Worker Implementation
type Worker struct {
broker *Broker
handlers map[string]HandlerFunc
pool int
}
type HandlerFunc func(ctx context.Context, payload json.RawMessage) error
func (w *Worker) Start(ctx context.Context) {
var wg sync.WaitGroup
for i := 0; i < w.pool; i++ {
wg.Add(1)
go func(id int) {
defer wg.Done()
w.loop(ctx, id)
}(i)
}
wg.Wait()
}
func (w *Worker) loop(ctx context.Context, id int) {
for {
select {
case <-ctx.Done():
return
default:
}
task, err := w.broker.Dequeue(ctx, "default", 5*time.Minute)
if errors.Is(err, ErrNoTask) {
time.Sleep(time.Second)
continue
}
if err != nil {
slog.Error("dequeue failed", "worker", id, "error", err)
time.Sleep(time.Second)
continue
}
taskCtx, cancel := context.WithDeadline(ctx, task.Deadline)
err = w.handlers[task.Queue](taskCtx, task.Payload)
cancel()
if err != nil {
slog.Error("task failed", "task_id", task.ID, "error", err)
w.broker.Retry(ctx, task)
} else {
w.broker.Ack(ctx, task)
}
}
}
Each worker runs a pool of goroutines. Each goroutine polls for tasks, processes them with a deadline context, and either acknowledges or retries on failure.
Lessons Learned
1. Visibility timeout must be longer than your longest task. If a task takes 10 minutes but your visibility timeout is 5 minutes, the reaper will re-enqueue it while it’s still running. Now two workers process the same task.

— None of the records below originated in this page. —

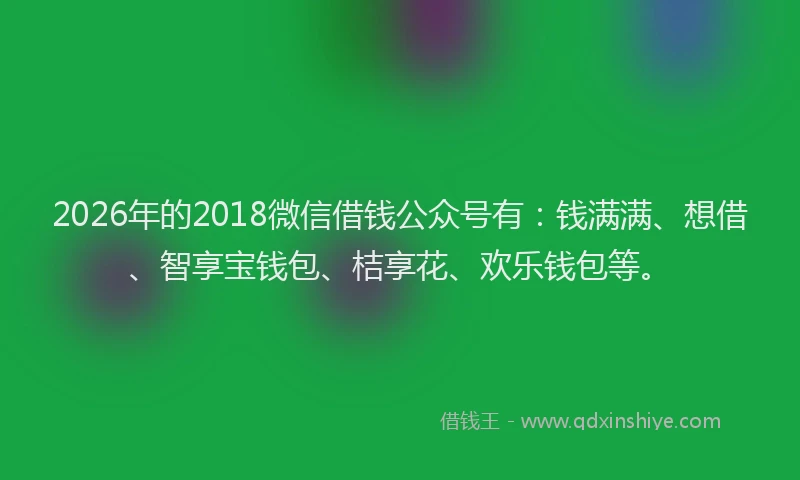 2026年的2018微信借钱公众号有:钱满满、想借、智享宝钱包、桔享花、欢乐钱包等。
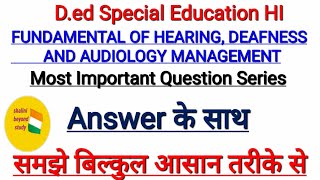 FUNDAMENTAL Of Hearing Deafness and AUDIOLOGY MANAGEMENTCourse IISemester 120Question Series [upl. by Nnairrehs]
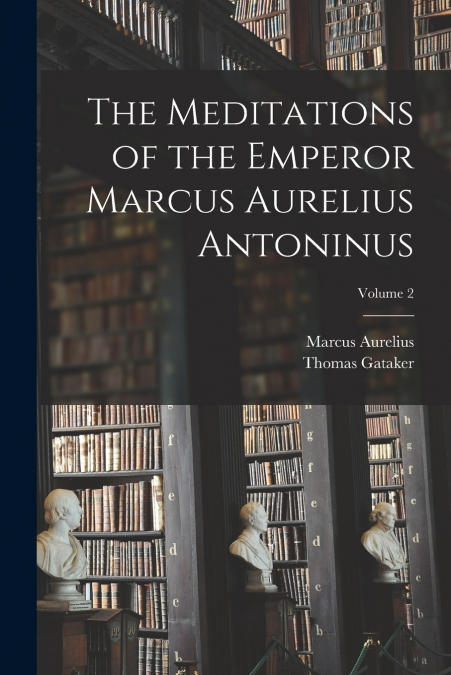 THE MEDITATIONS OF THE EMPEROR MARCUS AURELIUS ANTONINUS, VO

2. Lua scripts in Redis are your friend. Any operation that needs to be atomic across multiple keys should be a Lua script. Redis executes Lua scripts atomically.

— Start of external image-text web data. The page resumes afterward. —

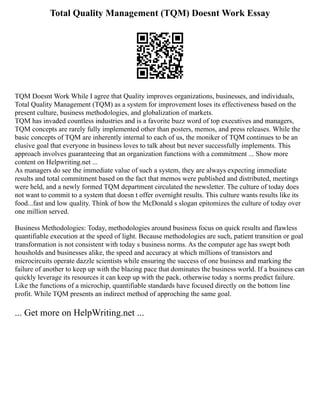 Total Quality Management (TQM) Doesnt Work Essay
TQM Doesnt Work While I agree that Quality improves organizations, businesses, and individuals,
Total Quality Management (TQM) as a system for improvement loses its effectiveness based on the
present culture, business methodologies, and globalization of markets.
TQM has invaded countless industries and is a favorite buzz word of top executives and managers,
TQM concepts are rarely fully implemented other than posters, memos, and press releases. While the
basic concepts of TQM are inherently internal to each of us, the moniker of TQM continues to be an
elusive goal that everyone in business loves to talk about but never successfully implements. This
approach involves guaranteeing that an organization functions with a commitment ... Show more
content on Helpwriting.net ...
As managers do see the immediate value of such a system, they are always expecting immediate
results and total commitment based on the fact that memos were published and distributed, meetings
were held, and a newly formed TQM department circulated the newsletter. The culture of today does
not want to commit to a system that doesn t offer overnight results. This culture wants results like its
food...fast and low quality. Think of how the McDonald s slogan epitomizes the culture of today over
one million served.
Business Methodologies: Today, methodologies around business focus on quick results and flawless
quantifiable execution at the speed of light. Because methodologies are such, patient transition or goal
transformation is not consistent with today s business norms. As the computer age has swept both
housholds and businesses alike, the speed and accuracy at which millions of transistors and
microcircuits operate dazzle scientists while ensuring the success of one business and marking the
failure of another to keep up with the blazing pace that dominates the business world. If a business can
quickly leverage its resources it can keep up with the pack, otherwise today s norms predict failure.
Like the functions of a microchip, quantifiable standards have focused directly on the bottom line
profit. While TQM presents an indirect method of approching the same goal.
... Get more on HelpWriting.net ...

3. Dead-letter queues are essential. Without a DLQ, poison messages (tasks that always fail) will retry forever, consuming resources and polluting logs.
4. Metrics matter more than you think. Queue depth, processing latency, failure rate, DLQ size — these are the numbers that tell you if your system is healthy.
5. Horizontal scaling is straightforward. Because dequeue is atomic, you can run as many workers as you want. They’ll compete for tasks safely.
What I’d Do Differently
If I were building this for production:
- Use a proper message broker (RabbitMQ, SQS, or NATS JetStream) instead of Redis
- Add task deduplication using a Bloom filter or Redis SET
- Implement exponential backoff for retries instead of immediate re-enqueue
- Add task dependencies (task B runs only after task A succeeds)
- Support task cancellation via the context
Building a task queue from scratch taught me more about distributed systems than reading any textbook. The edge cases — duplicate processing, lost tasks, poison messages, ordering guarantees — are where the real complexity lives.